Usually, these antibodies cause no clinical problems. However, mild to life-threatening hemorrhage can occur, especially if the titer of antihuman factor V antibodies is high. The risk of bleeding is higher in patients who receive bovine thrombin products more than once because of the development of a secondary immune response.

β-lactam antibiotics also have been associated with anti–factor V autoantibodies and may partly explain the increased incidence with surgery. Anti–factor V autoantibodies have been identified rarely in patients with autoimmune diseases, solid tumors, and monoclonal gammopathies. In approximately 20% of cases of factor V autoantibody formation, no underlying disease was identified.

Patients with inhibitory antibodies to factor V have prolonged PT and aPTT, low factor V levels and a normal thrombin time. The diagnosis of a factor V inhibitor is based on the specific loss of factor V coagulant activity when patient and normal plasma are mixed in a coagulation assay.

In case of bleeding, patients may be treated with (high dose) fresh frozen plasma or with a bypassing agent, such as recombinant factor VIIa.

Antiprothrombin antibodies are most commonly associated with the antiphospholipid syndrome (see Chap. 84). The antiphospholipid syndrome is caused by lupus anticoagulants, which are defined as antibodies that produce phospholipid-dependent prolongation of in vitro coagulation assays.

However, most patients with lupus anticoagulants have demonstrable antiprothrombin antibodies or a hypoprothrombinemia but no bleeding diathesis.
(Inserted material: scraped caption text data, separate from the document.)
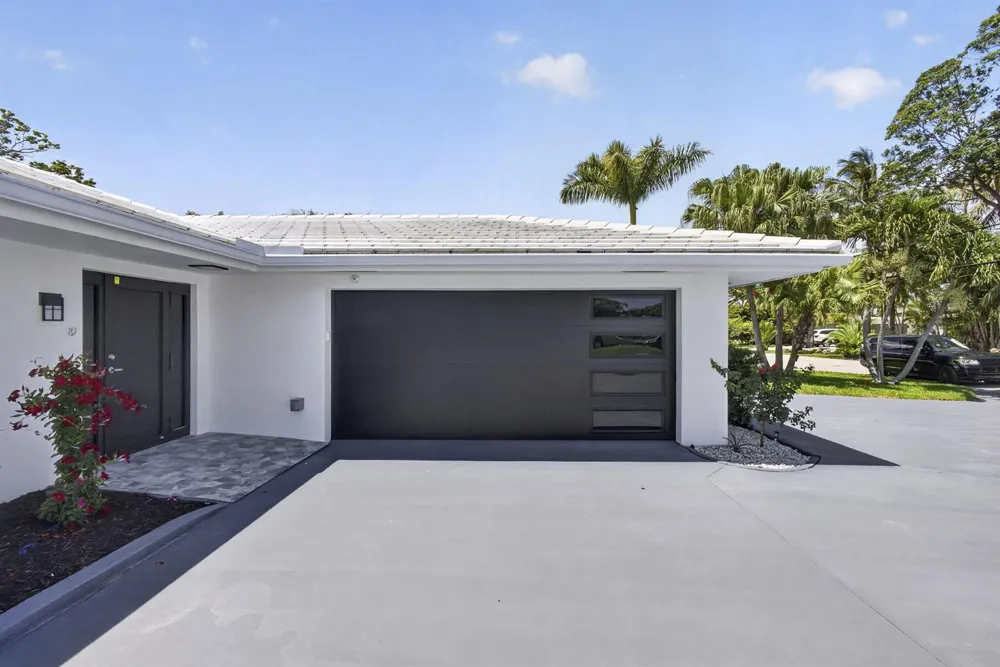 8111 W Lake Drive Lake Clarke Shores, FL 33406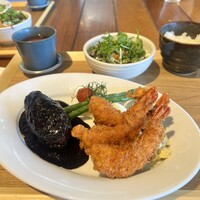 上野洋食遠山 - 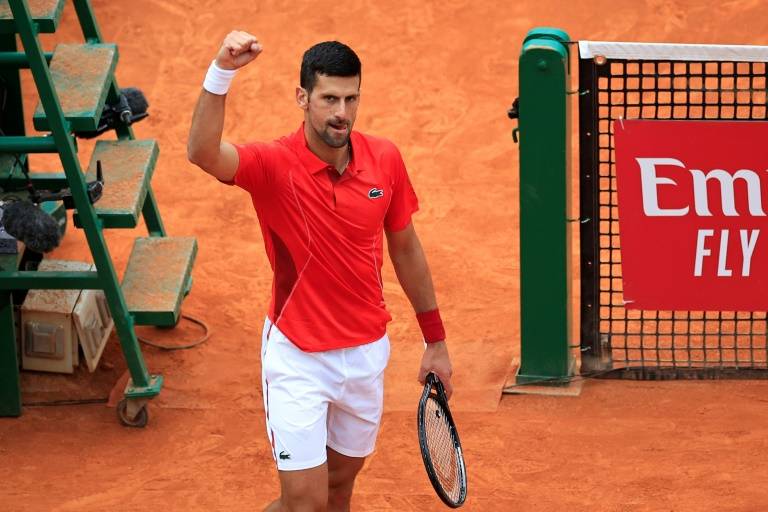 Le Serbe Novak Djokovic après son match remporté face au Russe Roman Safiullin, à Monte-Carlo, le 9 avril 2024 ( AFP / Valery HACHE )
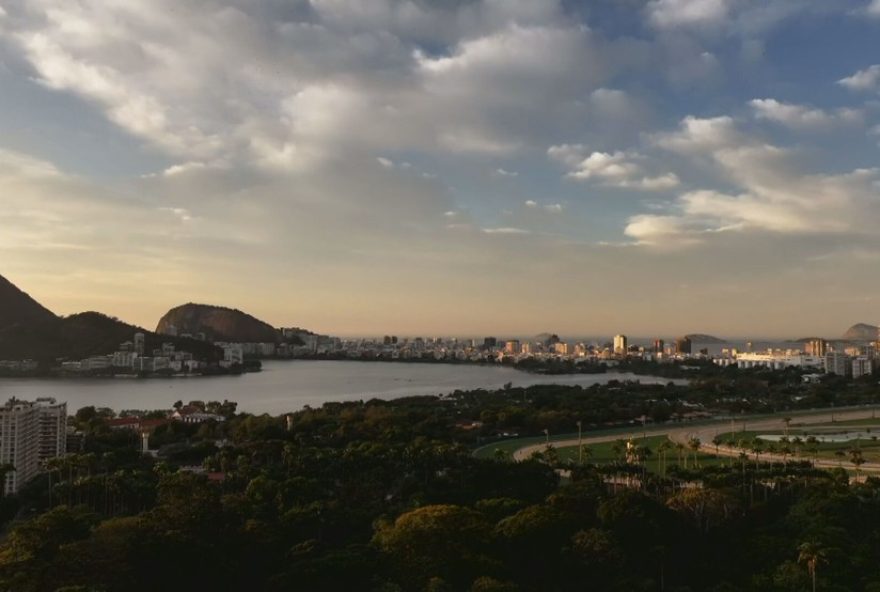primeira-onda-de-frio-chega-ao-rio-na-terca3A-temperaturas-despencam-e-ventos-ficam-mais-fortes
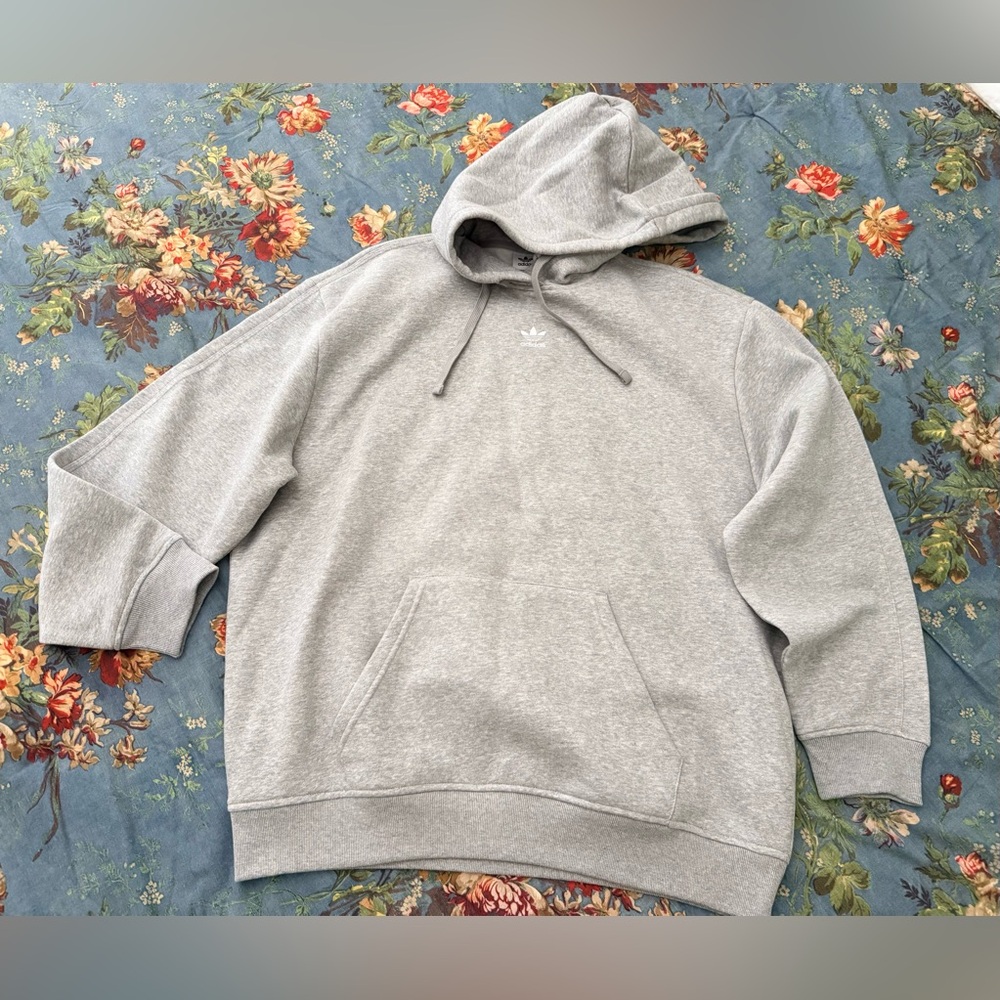 NWOT Adidas Oversized Light Gray Hooded Pullover Sweatshirt with Kangaroo Pocket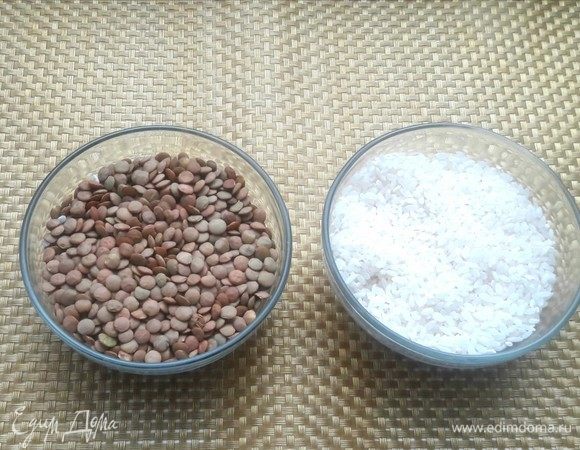 Рис и чечевицу сварить до полной готовности.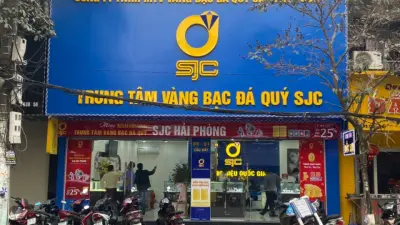 Thêm chi nhánh SJC ngừng hoạt động, người mua - kẻ bán rối loạn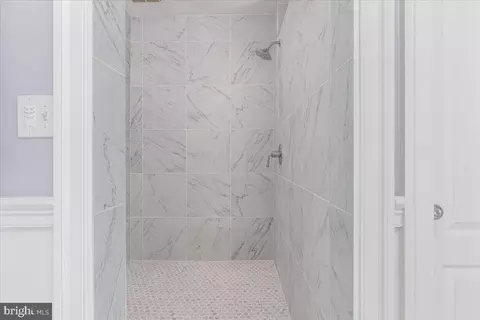 Bath - 7131 Woodland Dr, Springfield, VA 22151 photo 6 of 11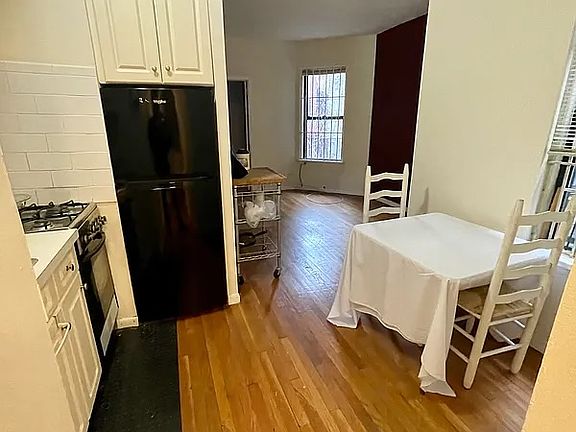5th image of 128 E 83rd St APT 5C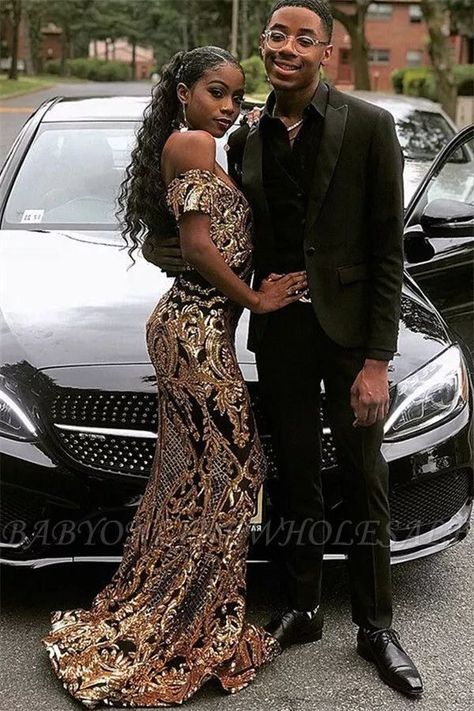 Black And Gold Prom Couple, Gold Prom Couple, Prom Poses Single, Prom Inspiration, Prom Couples, Gold Applique, Red Black Dress, Modest Prom, Lace Prom Dress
Clinically significant antibodies to coagulation factors other than factor VIII, factor V, and prothrombin that produce acquired bleeding disorders are rare. In contrast to acquired hemophilia A, acquired hemophilia B is extremely rare.

An acquired inhibitor to protein C associated with a fatal thrombotic disorder has been reported, but evidently is rare.

In contrast, there is a relatively high prevalence of pathogenic anti–protein S antibodies. Inhibitory antibodies to protein S were detected in 5 of 15 patients with acquired protein S deficiency. Anti–protein S antibodies appear to be a risk factor for venous thrombosis and can be manifested in vitro as activated protein C resistance.